Born in Ireland himself, Kenneth Branagh rose up through the ranks of the Royal Shakespeare Company, making his name as an actor on British television during the 1980s and then exploding out onto cinema screens with his dynamic adaptation of William Shakespeare’s Henry V (1989), which saw him nominated for Oscars as both Best Director and Best Actor in his directorial debut. Branagh has been a frontline name as an actor since then. He has directed several other Shakespeare adaptations with the likes of Much Ado About Nothing (2003), Hamlet (1996), Love’s Labor Lost (2000) and As You Like It (2006). He has made a number of other films as a director, including the reincarnation film Dead Again (1991), his version of Mary Shelley’s Frankenstein (1994), a modernised adaptation of the Mozart opera The Magic Flute (2006), the remake of Sleuth (2007), the Marvel Comics superhero film Thor (2011), the reboot of the Tom Clancy spy series Jack Ryan: Shadow Recruit (2014), the live-action version of Disney’s Cinderella (2015) and the remake of Murder on the Orient Express (2017).

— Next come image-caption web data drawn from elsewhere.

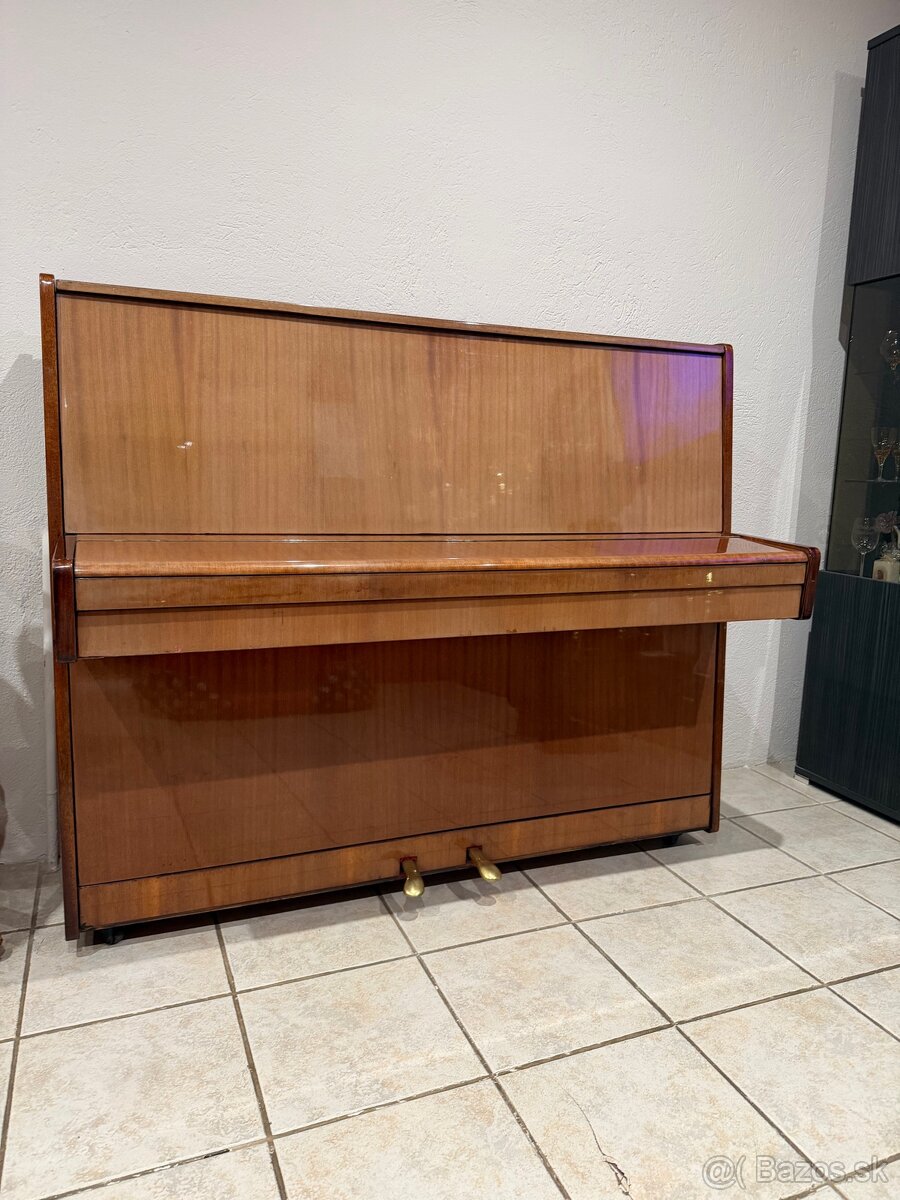 Predám klavír IRMBACH – výborný stav - 17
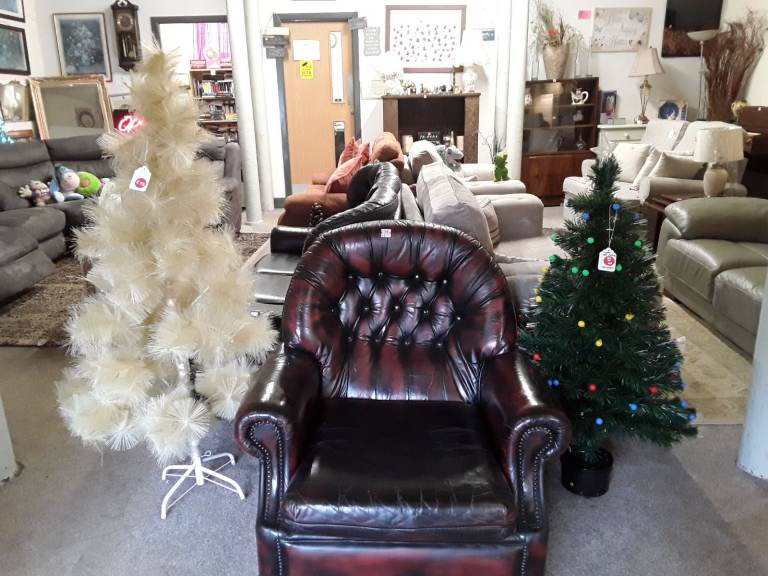 Fab vintage gold bushy 5ft Christmas tree Low Cost Moves 2nd Hand Furniture STALYBRIDGE SK15 3DN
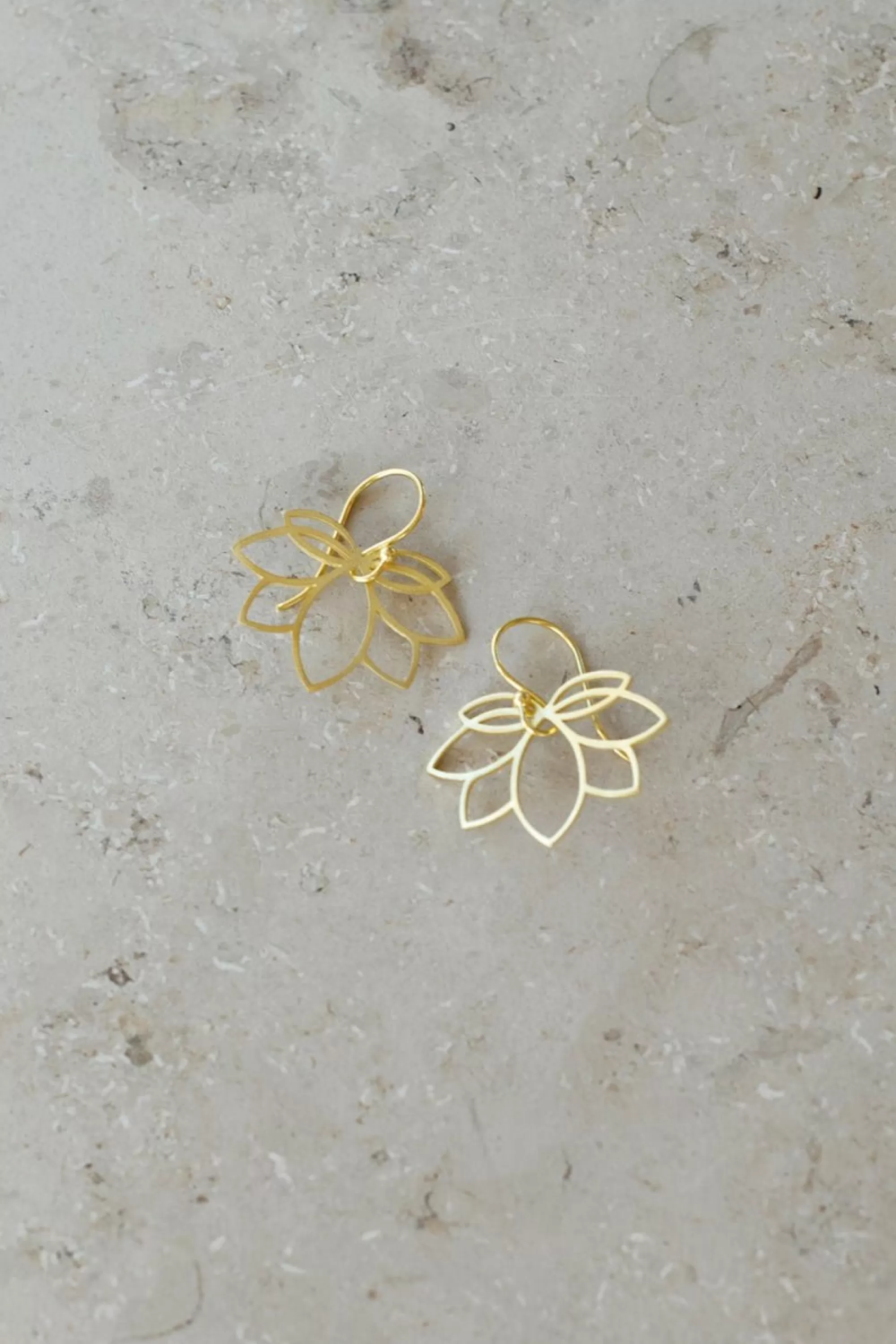 By bar Pd Lotus Earring Gold Fashion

The film comes with a script from Irish playwright Conor McPherson who had previously directed the ghost story The Eclipse (2009). McPherson has amalgamated the first two Artemis Fowl books. From Artemis Fowl, there is the introduction of Artemis and Haven City, the scenes where Holly apprehends the troll and where Artemis captures Holly and the forces of L.E.P.recon lay siege to Fowl Manor. From the second book, Artemis Fowl and the Arctic Incident (2002) comes the character of the villainous pixie Opal Koboi and its capture of Artemis’s father, as well as the scene with the school counsellor Dr Po.
There are some minor changes to the books – the L.E.P.recon chief Julius Root is recast as a woman played by Judi Dench, while the artifact of the Aculos is something that has been entirely invented by the film. I had not read the books prior to watching the film so I had no particular attachment to the faithfulness of the adaptation as some other commentators apparently did.

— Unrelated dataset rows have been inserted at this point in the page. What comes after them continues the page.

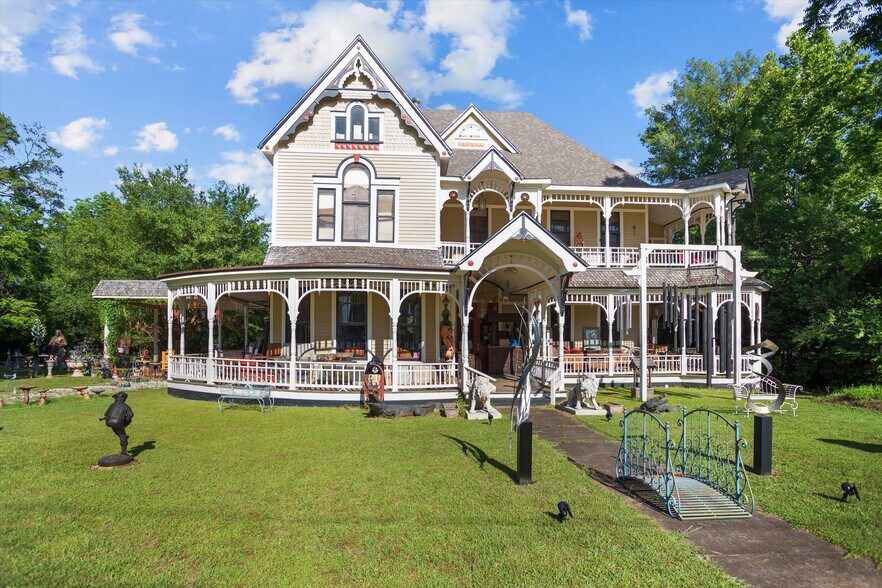 310 N Mound St, Nacogdoches, TX à vendre - Photo du bâtiment - Image 2 de 50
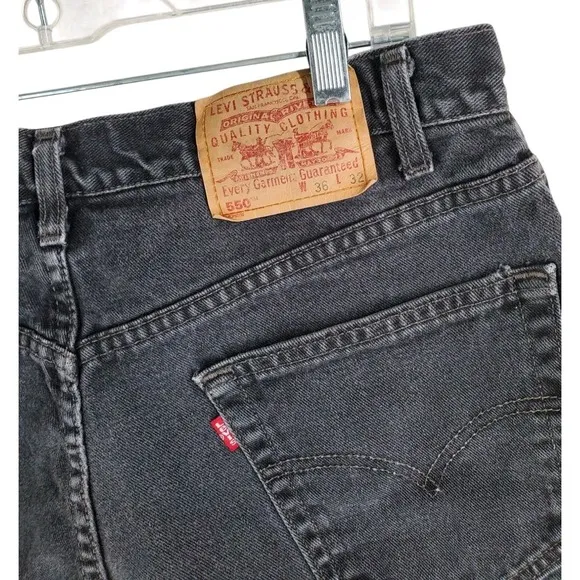 Vtg Y2K Levis 550 Black Jeans Men 36x32 Relaxed Tapered Hi Rise Canada (33x30.5)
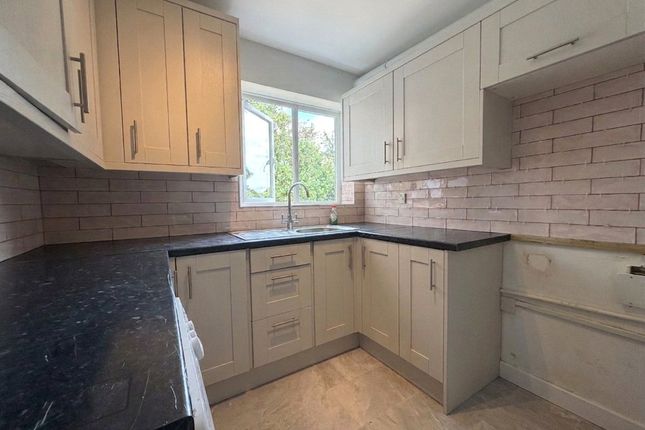 44 Beverley Court,, Cedar Drive, Berkshire photo 2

Watching the film is initially a bewildering experience. It comes with so much mythology and world-building compacted into each scene that your brain is racing full-time trying to keep up with what is going on. I have some sympathy with those who panned the film as clearly the effort of piecing it all together was too much. However, we who regularly watch fantastic content are made of sterner stuff than that and in fact Artemis Fowl becomes a work of madcap creativity. It is a film that seems to be over-spilling with ideas and pieces of internal mythology from every pore – a bewildering spew of talk about time freezes, reflective sunglasses, volcanically-powered rockets, fairies bound by rules and the like, not to mention the idea of magical creatures that have an advanced technology of their own. It is quite unlike anything you have seen before and I have to fully applaud the film for its originality and creativity.
There is the feeling here that the film could have well done with more breathing room in order to invest greater time and depth to its unique world. The Harry Potter films, which you could easily compare Artemis Fowl to especially in terms of complexity of their world, never come in any less than two hours and most audiences had no problems picking up on what was going on, whereas Artemis Fowl reigns in at a mere 95 minutes. It feels hurried and it could have done with another 20-30 minutes of screen time.
With Thor, Kenneth Branagh felt that he has not quite adjusted to making a CGI effects vehicle, while Jack Ryan slipped by as an anonymous big-budget action film. With these Branagh gave the impression that was more at home with his Shakespearean adaptations and other works like Murder on the Orient Express, which operate as ensemble dramas with big name cast line-ups.
That said. Branagah takes us on an impressive journey through the underground world. The most entertaining and impressive scenes are the ones with the underworld forces gathered outside Fowl Manor as it is held in a Time Freeze and of Artemis outwitting their attempts to defeat him as they send Murch to burrow his way in and especially the unleashing of a giant troll that rampages through the house, demolishing everything in its path. It is in these scenes that Branagh and the film are quite in their element.